* YOUR ASSIGNMENT *
Word for word, restate the data that follows, omitting the images.

* EXERCISE DATA *
::::
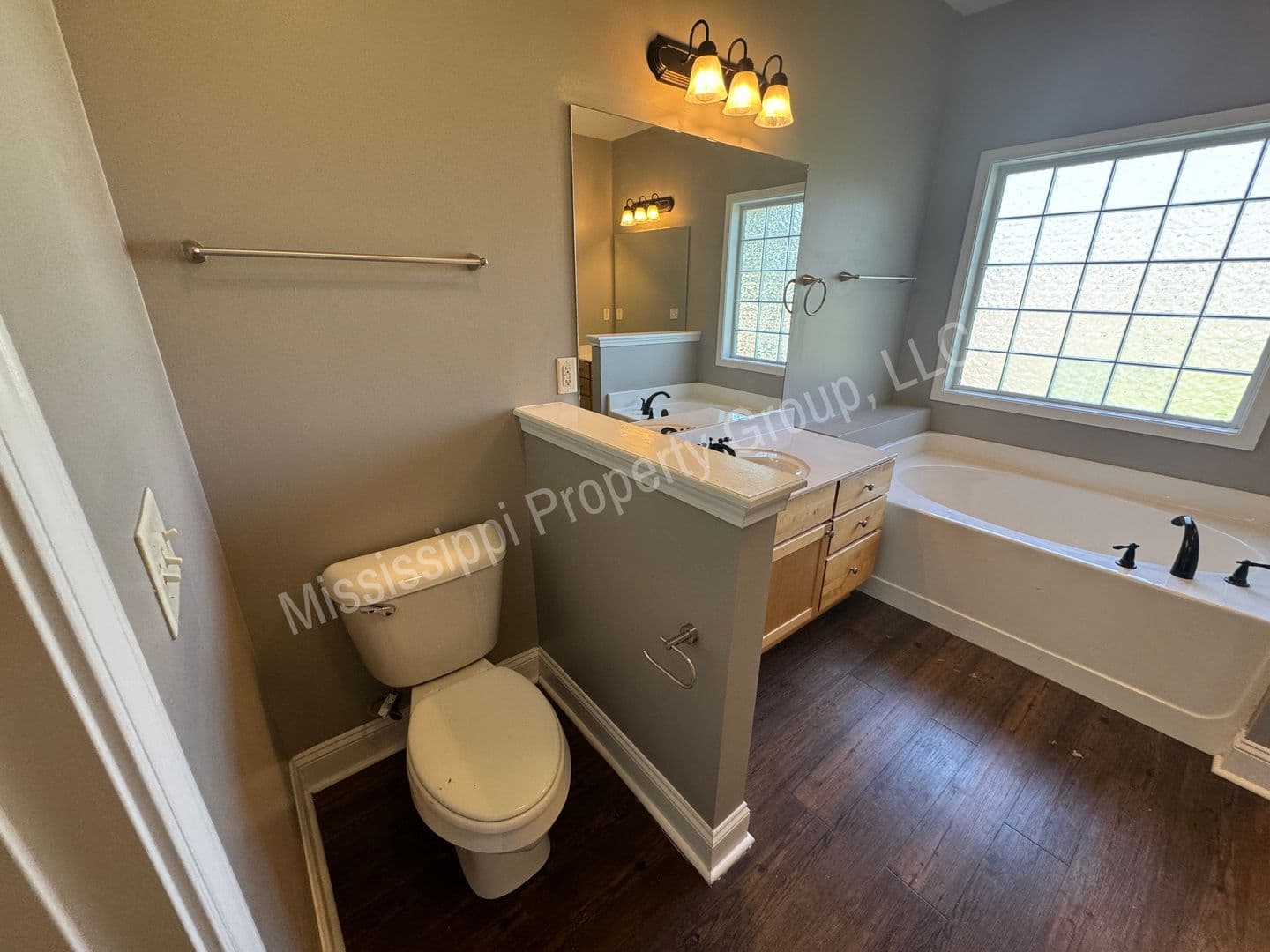 Oxford House: 304 Shumard Cove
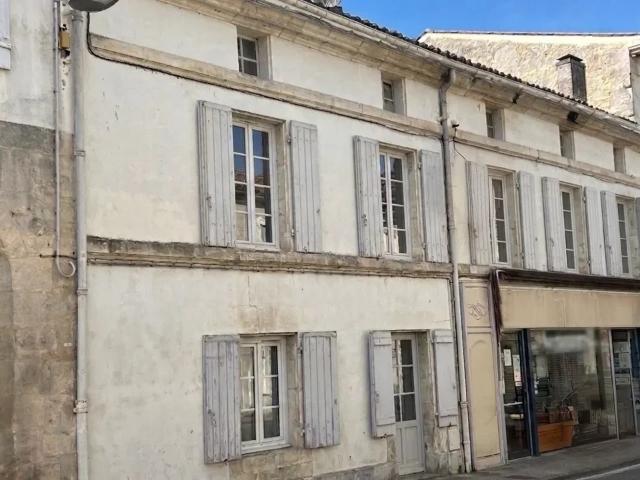 Saint Jean d'Angély Vente Maison 17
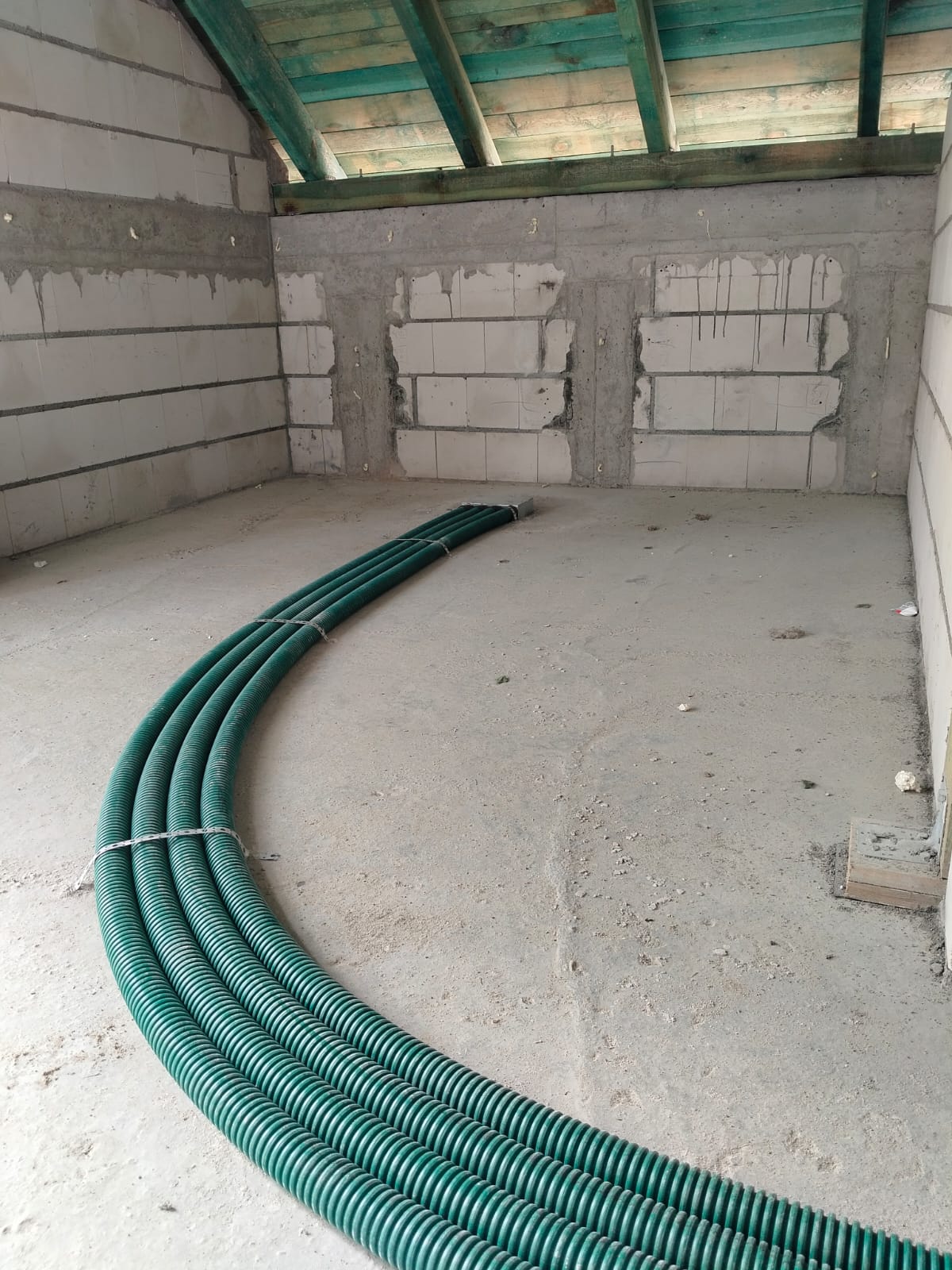 Montaż wentylacji z odzyskiem ciepła Warszawa – szerokie wiązki przewodów i metalowe odcinki instalacji na poddaszu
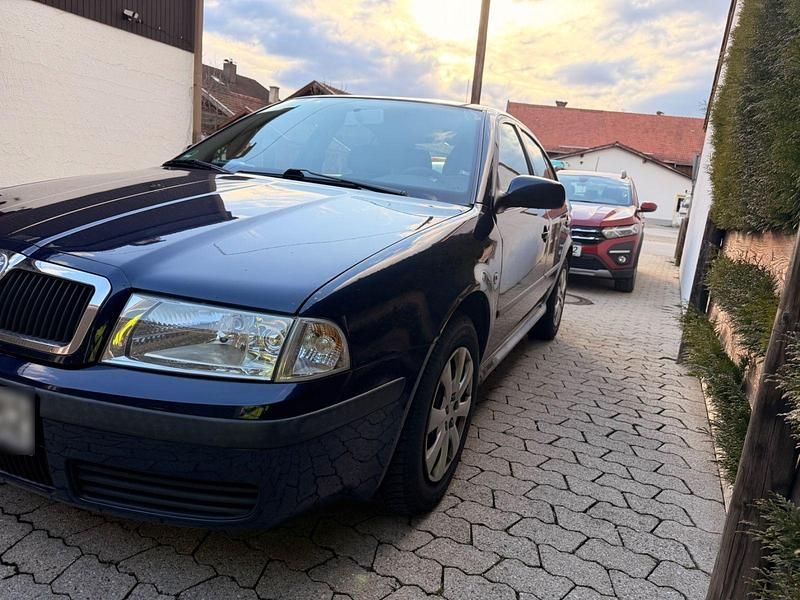 Gebraucht Skoda Octavia Classic 102 PS (75 kW) 2005 Blau Limousine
::::
* RESULT *
 Oxford House: 304 Shumard Cove
 Saint Jean d'Angély Vente Maison 17
 Montaż wentylacji z odzyskiem ciepła Warszawa – szerokie wiązki przewodów i metalowe odcinki instalacji na poddaszu
 Gebraucht Skoda Octavia Classic 102 PS (75 kW) 2005 Blau Limousine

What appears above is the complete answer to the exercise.